A Tailândia, durante muito tempo vista em Washington como um parceiro militar fiável, embora por vezes incómodo, acaba de encomendar um submarino chinês - um passo que volta a pôr em cima da mesa onde se situam, de facto, as lealdades, as alavancas de influência e a cooperação de segurança no Sudeste Asiático.
A manobra discreta da Tailândia que chamou a atenção de Washington
A 16 de Setembro de 2025, num complexo governamental em Pequim, a Tailândia assinou um acordo para adquirir um submarino Tipo 039A construído na China, conhecido na versão de exportação como S26T. À superfície, trata-se de uma venda de armamento como tantas outras. No plano político, soa mais a recado.
A Tailândia não é um cliente qualquer na lista de exportações de defesa de Pequim. É um dos aliados mais antigos dos Estados Unidos na Ásia: parceiro desde a Guerra Fria e “grande aliado extra-OTAN” desde 2003. Durante a Guerra do Vietname, aviões norte-americanos chegaram a operar a partir de bases tailandesas. E, ao longo de décadas, exercícios conjuntos e apoio em matéria de segurança foram pilares constantes da relação.
“A escolha de Banguecoque por um submarino construído na China não derruba a aliança com Washington, mas indica que a Tailândia recusa ficar presa a um único campo.”
O trajecto até este contrato começou em 2017, quando Banguecoque concordou em comprar três submarinos à China - uma estreia histórica para a Marinha Real Tailandesa, que passara anos sem capacidade subaquática. Em 2019, o casco do primeiro navio já estava pronto.
Depois, sanções europeias chocaram com ambições asiáticas. O projecto dependia de motores diesel MTU alemães. Berlim recusou autorizar a exportação devido ao embargo de armas da União Europeia à China, em vigor há muito tempo e associado à repressão na Praça Tiananmen. O programa ficou bloqueado.

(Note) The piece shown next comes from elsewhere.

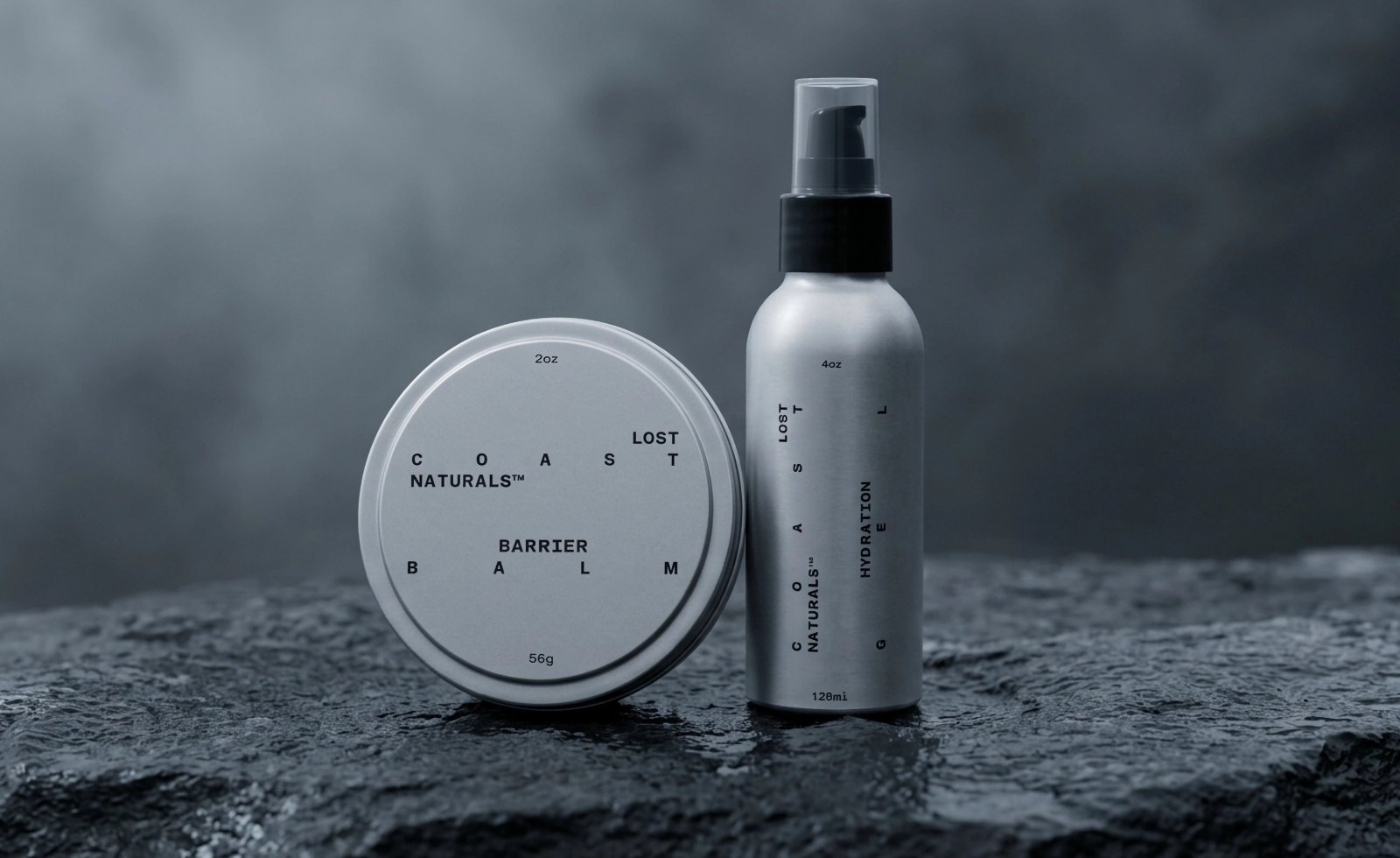 Lost Coast Naturals Barrier Balm and Hydration Gel resting on a wet rock against a foggy background
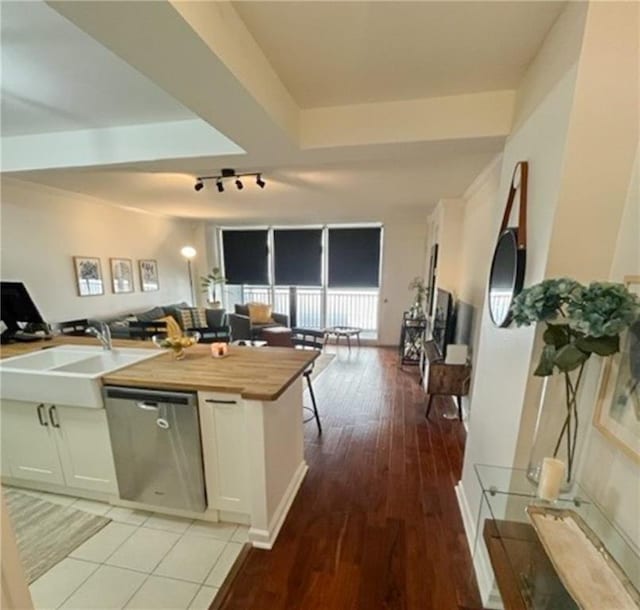 kitchen featuring light wood finished floors, open floor plan, white cabinetry, a sink, and dishwasher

A China reagiu desenvolvendo uma alternativa própria de propulsão. Após anos de testes e de garantias repetidas quanto à fiabilidade, a Tailândia aceitou os motores produzidos localmente. Restrições orçamentais reduziram a encomenda inicial de três unidades para apenas uma, mas o sinal político manteve-se. A entrega continua, para já, apontada para 2028.
O que a Tailândia está realmente a comprar
O S26T não é uma “super-arma” de filme, mas representa um salto importante para a marinha tailandesa.
- Deslocamento: cerca de 2,550 toneladas
- Comprimento: aproximadamente 77 metros
- Propulsão: diesel-eléctrica com sistema Stirling de propulsão independente do ar (AIP)
- Autonomia: até cerca de 65 dias no mar
O AIP permite ao submarino permanecer submerso durante mais tempo sem emergir nem usar mastro de snorkel, reduzindo o risco de detecção. Para defesa costeira, vigilância de rotas marítimas e dissuasão básica, esta autonomia pesa mais do que a dimensão ou a potência de fogo.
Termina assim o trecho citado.